Minnesota needs more - not less - flexibility in TANF
and more production of rental housing for families with children
The evidence is that Minnesota’s welfare reform has been very successful. We want to keep it that way and make it even more successful. Minnesota’s strategy with respect with housing and family self-sufficiency is consistent with the growing body of evidence that a family’s success in moving out of poverty and sustaining employment may depend on stable, affordable housing. Building on our success in Minnesota requires help from the federal government in two areas: TANF reauthorization and housing programs.

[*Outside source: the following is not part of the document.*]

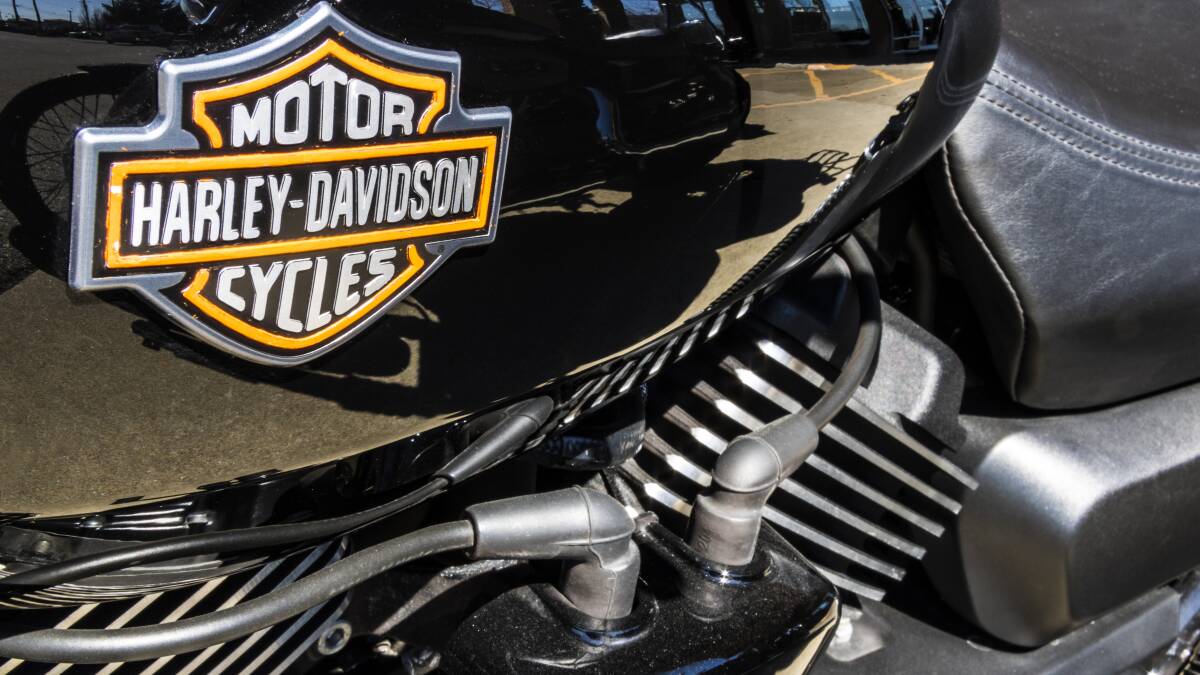 Man riding stolen Harley Davidson leads police on chase through Dapto: court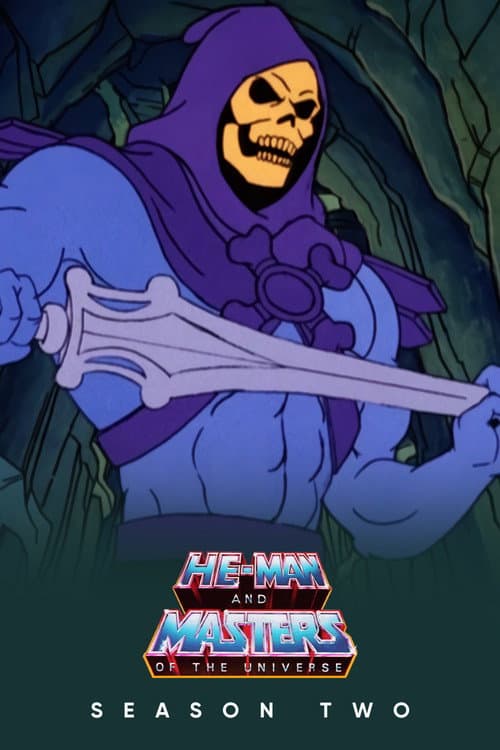 He-Man and the Masters of the Universe - Season 2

For TANF reauthorization, my basic message is simple: Maintain and expand the state flexibility provided in the 1996 federal law. This flexibility has been the key element of the success of welfare reform. The flexibility to use TANF funding for supports for low-income working families has resulted in a revolution in our national policy for low-income families. As I have said, it has helped Minnesota in our effort to create a comprehensive set of supports for working families, and particularly important in our efforts to address the affordable housing gap and how it impacts families making the transition to work.
There are three specific areas of TANF flexibility that relate to our work on housing issues:
Because of inflexible rules around "assistance" and the prohibition on housing development, Minnesota has had to indirectly fund some of its housing initiatives using TANF to supplant state funding in other areas. When we began to consider how to invest our TANF reserve, the Ventura Administration established a principle that we would supplant when the state funds were going to be redirected to additional services or supports for the TANF target population – low-income families.
If our recommendations above were taken we would not need to supplant to fund our housing initiatives. If that kind of flexibility is not granted, we would be concerned about proposals to restrict supplantation that did not take into account the differing ways states have used supplantation. I certainly understand and support those in Congress who have criticized states that have used TANF to fund areas unrelated to the purpose of TANF. However, I hope that in the effort to stop this kind of misuse of funds, you will consider leaving enough flexibility for states like Minnesota to continue to address critical housing needs using TANF funds.
As for federal housing policy, there is renewed attention in Congress to the problems of housing families with very low and extremely low incomes. A number of bills have been introduced which, using different approaches, create a new rental production program for the lowest income households.
In the face of a worsening housing problem in the 1990s, the State of Minnesota significantly increased its investment in affordable housing production and homeless prevention and assistance efforts. Congress too took a critical step to respond to the crisis when it increased the caps on housing bonds and credits in 2000.
However the most difficult developments to fund are the ones serving the lowest income families and individuals, whether they are supportive housing projects, mixed income developments, or family tax credit projects. The scarcest and most critical resources are the subsidy funding needed to write down rents to affordable levels and the operating subsidy needed to serve households with incomes under $15,000. A new federal rental production program for extremely low income families is the single most important housing initiative Congress could take to support families moving from welfare to work.
Thank you, Mr. Chairman and members, for the opportunity to bring Minnesota’s views to this important topic today.